Task description
Reproduce what is written in the records below exactly, and leave out the images.
==== Data for the task ====
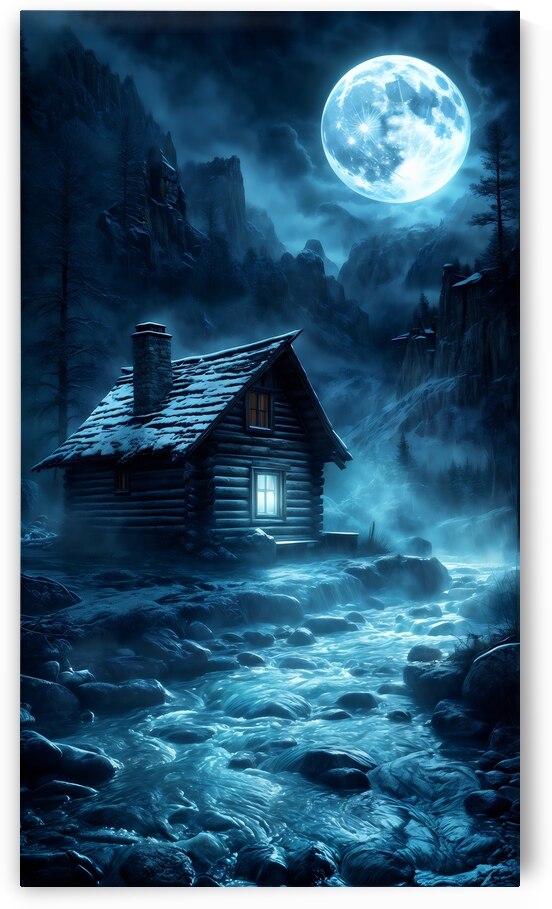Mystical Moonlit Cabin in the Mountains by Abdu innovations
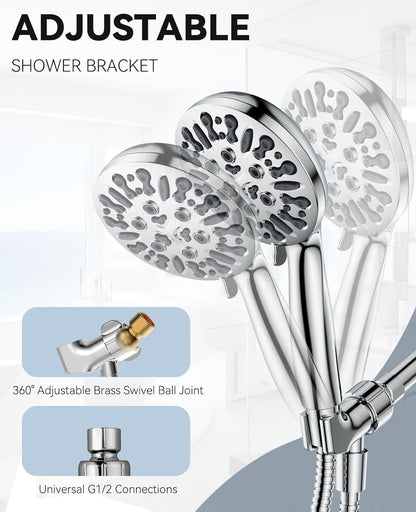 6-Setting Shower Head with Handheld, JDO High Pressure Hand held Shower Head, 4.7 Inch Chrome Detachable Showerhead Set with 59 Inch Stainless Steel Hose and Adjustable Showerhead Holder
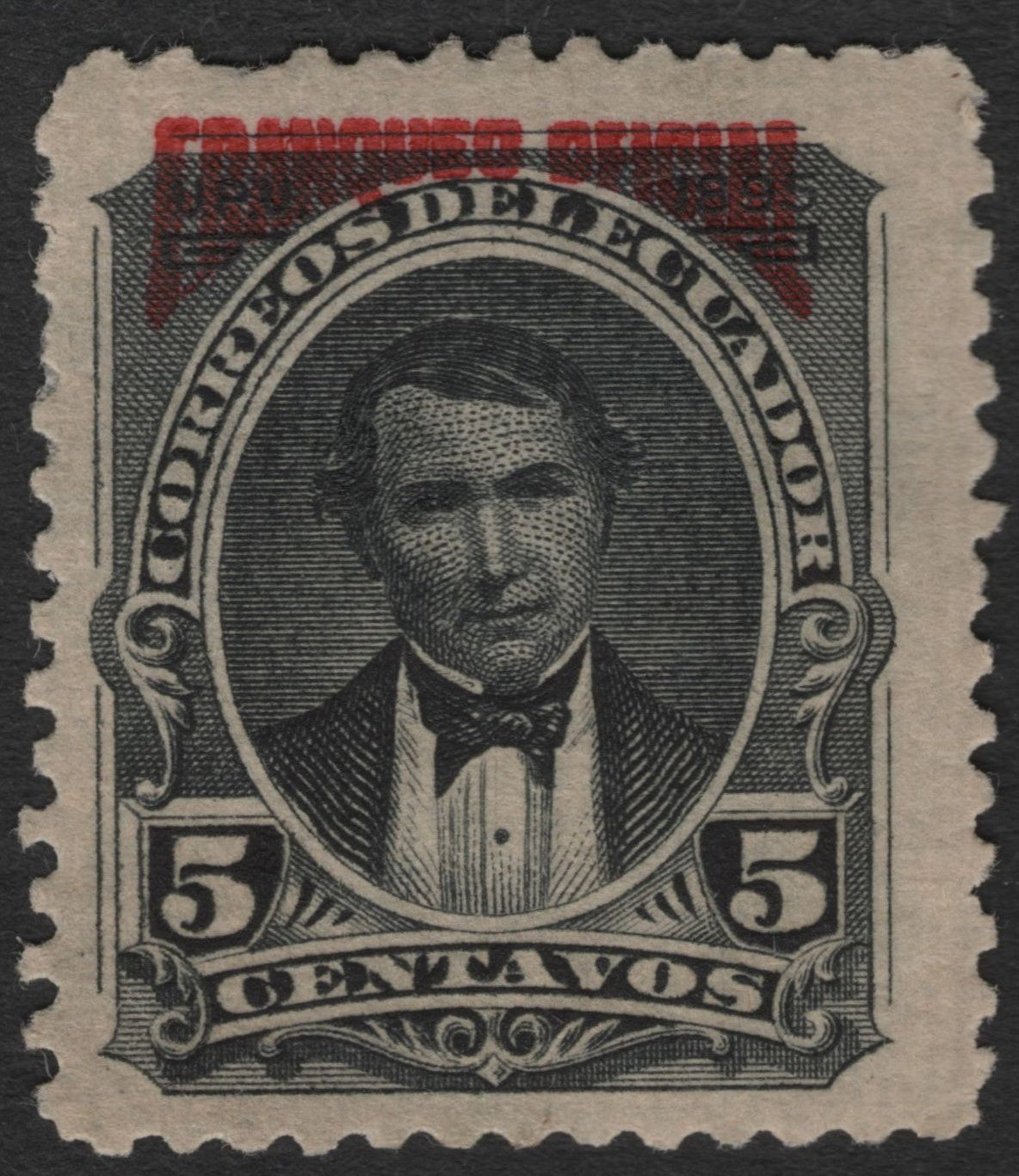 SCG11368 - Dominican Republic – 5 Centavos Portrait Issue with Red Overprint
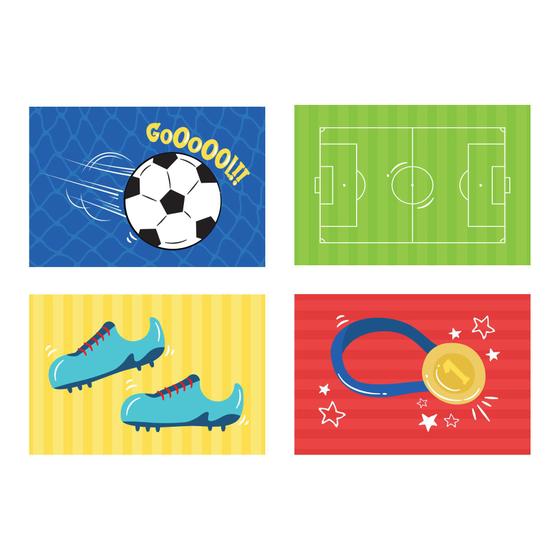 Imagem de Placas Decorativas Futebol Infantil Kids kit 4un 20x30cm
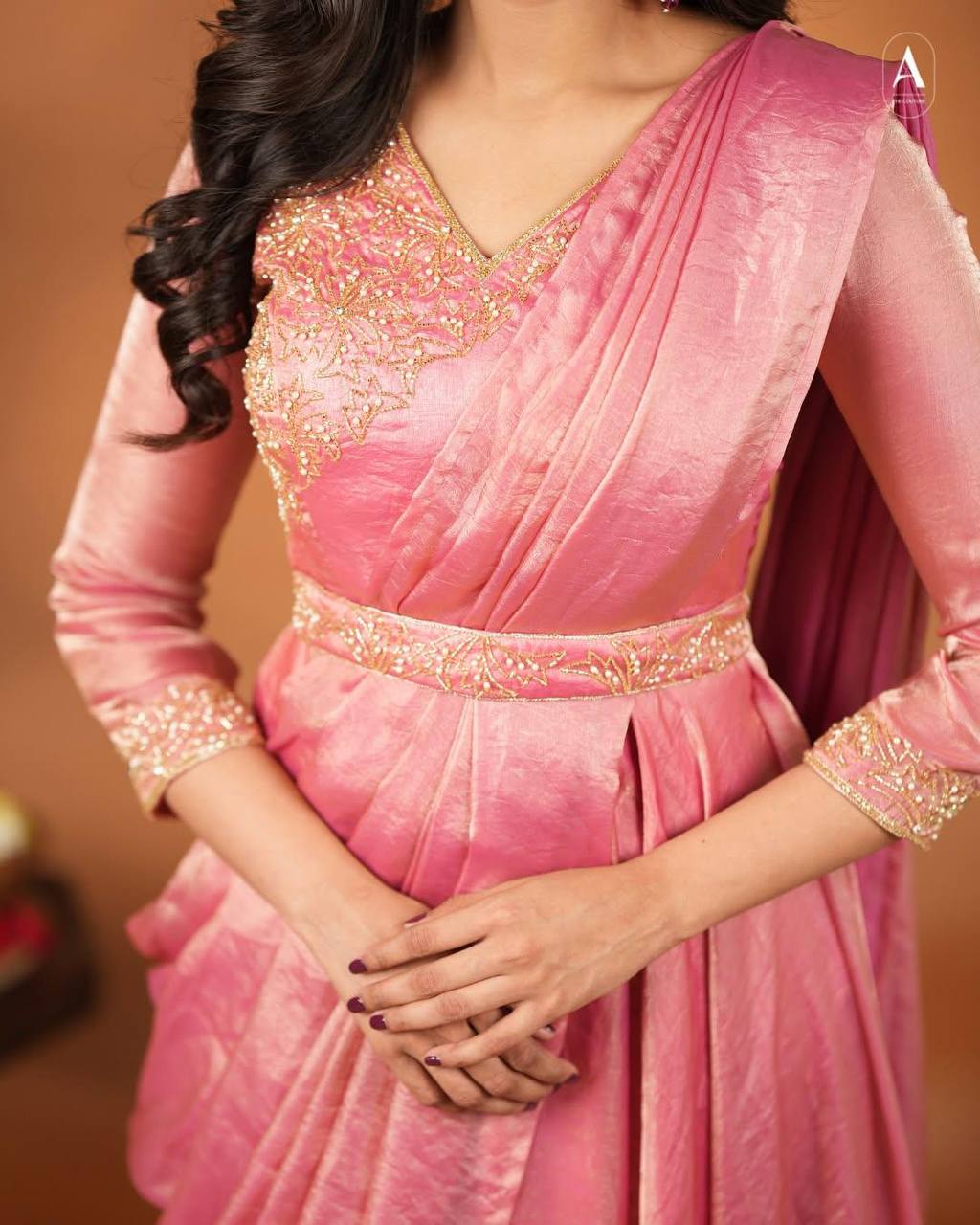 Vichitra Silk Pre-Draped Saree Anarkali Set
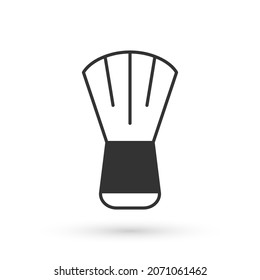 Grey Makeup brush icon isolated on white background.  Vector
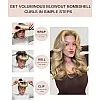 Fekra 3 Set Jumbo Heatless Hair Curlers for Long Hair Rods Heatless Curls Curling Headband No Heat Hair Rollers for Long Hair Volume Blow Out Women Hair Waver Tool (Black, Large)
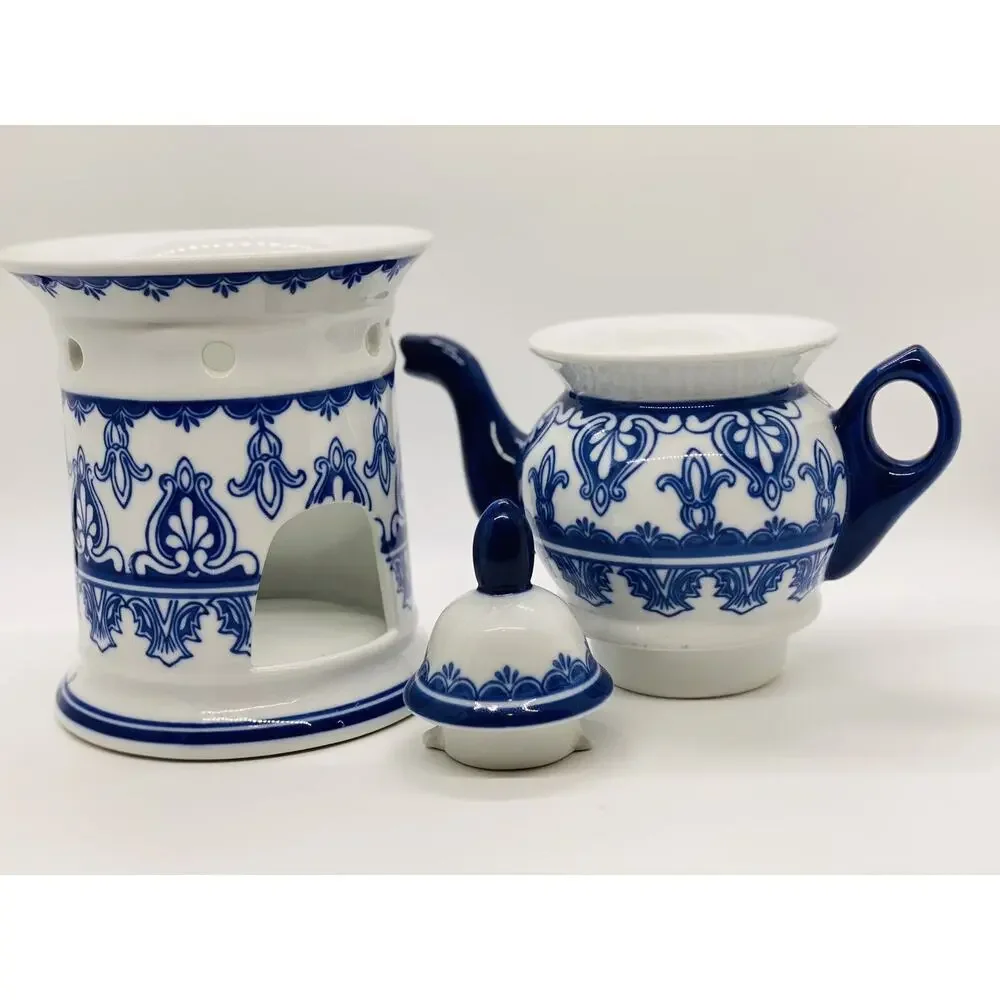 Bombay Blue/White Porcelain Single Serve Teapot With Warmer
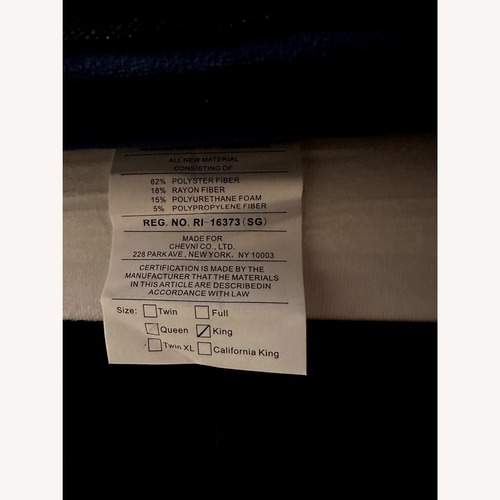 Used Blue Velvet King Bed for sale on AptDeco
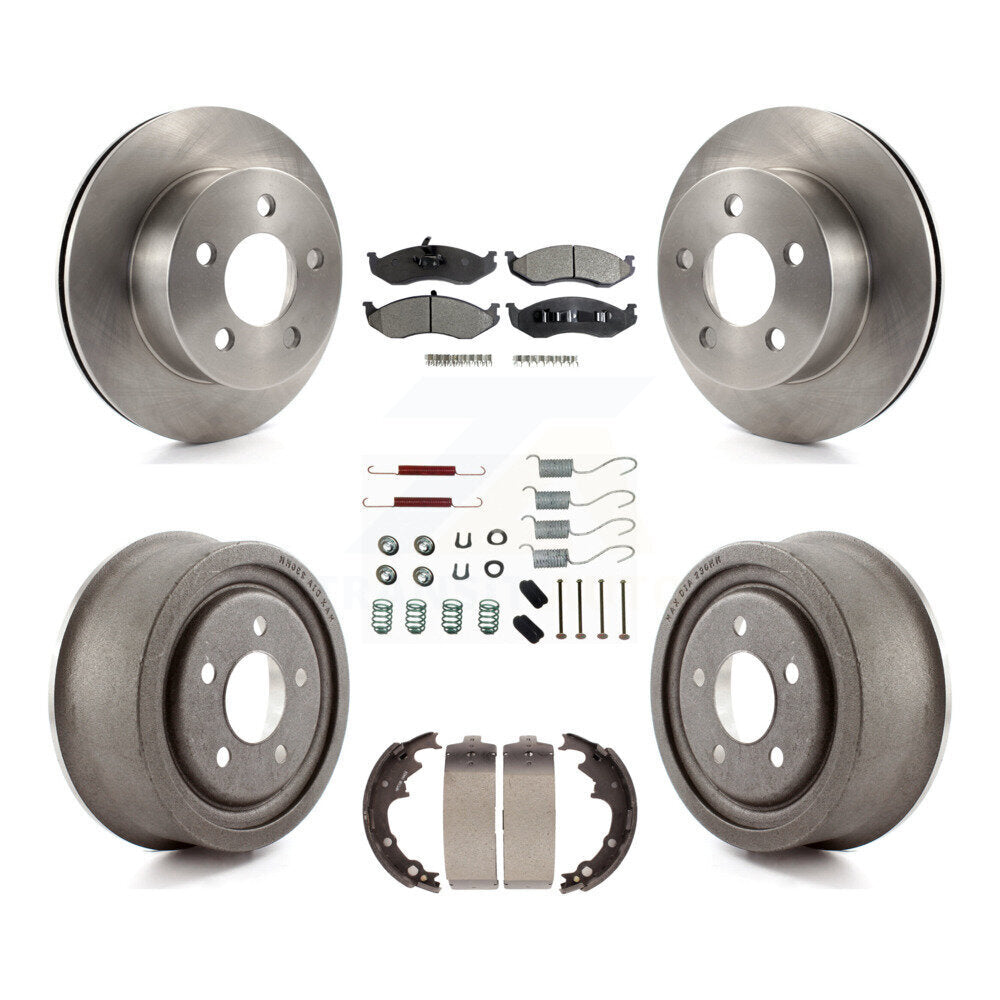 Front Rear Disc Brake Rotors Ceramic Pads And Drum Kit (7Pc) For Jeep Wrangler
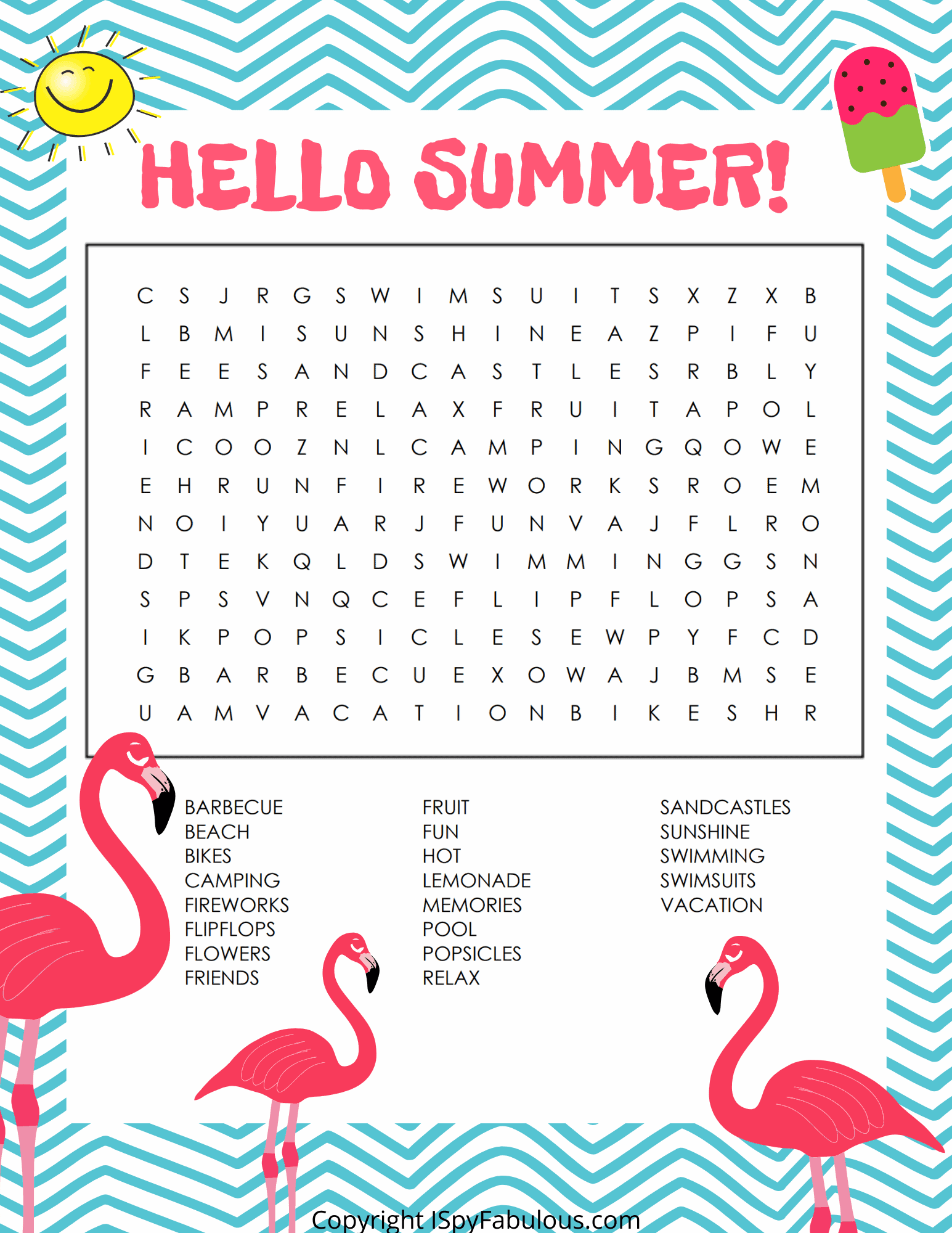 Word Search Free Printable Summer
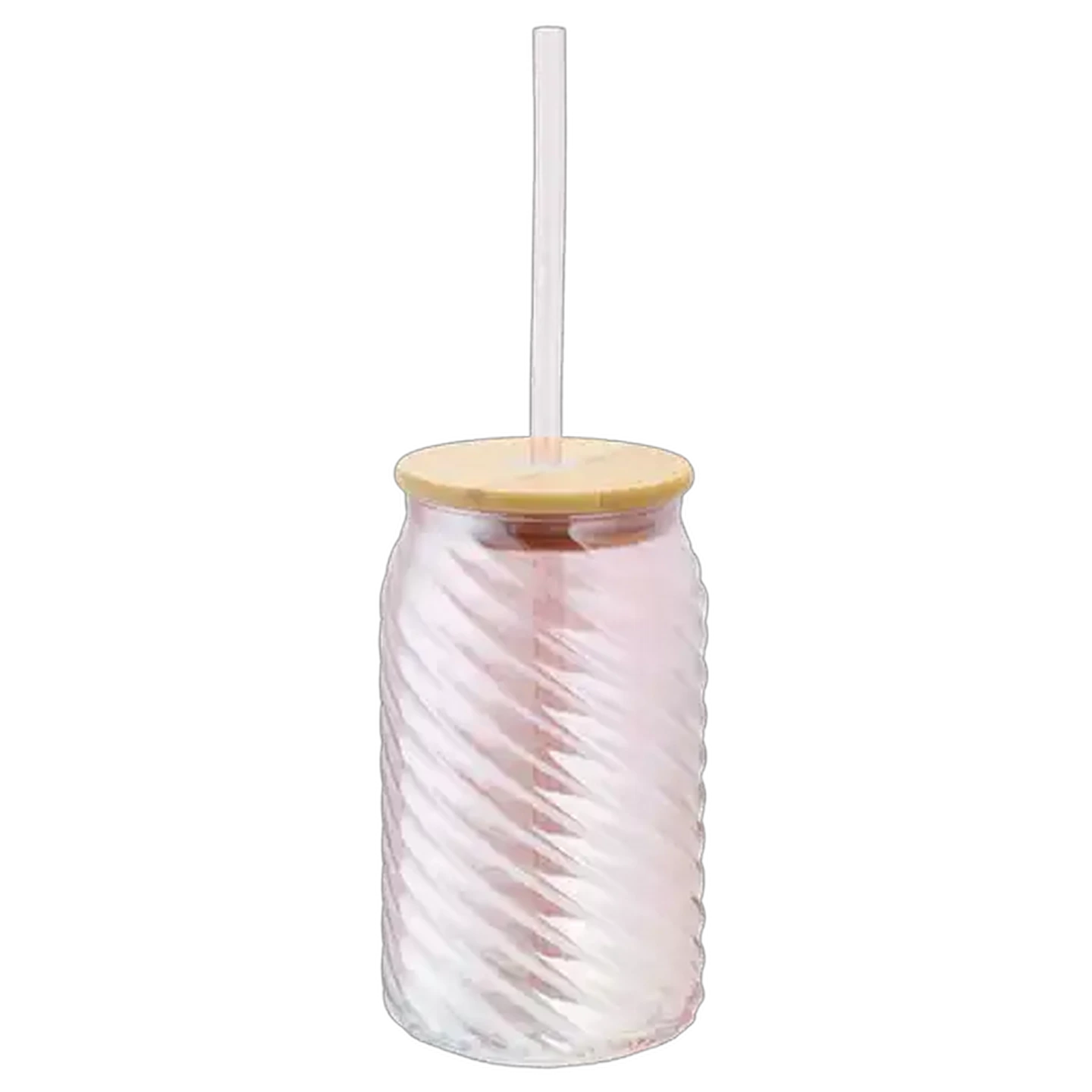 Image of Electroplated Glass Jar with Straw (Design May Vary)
====
Exercise result
Mystical Moonlit Cabin in the Mountains by Abdu innovations
 6-Setting Shower Head with Handheld, JDO High Pressure Hand held Shower Head, 4.7 Inch Chrome Detachable Showerhead Set with 59 Inch Stainless Steel Hose and Adjustable Showerhead Holder
 SCG11368 - Dominican Republic – 5 Centavos Portrait Issue with Red Overprint
 Imagem de Placas Decorativas Futebol Infantil Kids kit 4un 20x30cm
 Vichitra Silk Pre-Draped Saree Anarkali Set
 Grey Makeup brush icon isolated on white background.  Vector
 Fekra 3 Set Jumbo Heatless Hair Curlers for Long Hair Rods Heatless Curls Curling Headband No Heat Hair Rollers for Long Hair Volume Blow Out Women Hair Waver Tool (Black, Large)
 Bombay Blue/White Porcelain Single Serve Teapot With Warmer
 Used Blue Velvet King Bed for sale on AptDeco
 Front Rear Disc Brake Rotors Ceramic Pads And Drum Kit (7Pc) For Jeep Wrangler
 Word Search Free Printable Summer
 Image of Electroplated Glass Jar with Straw (Design May Vary)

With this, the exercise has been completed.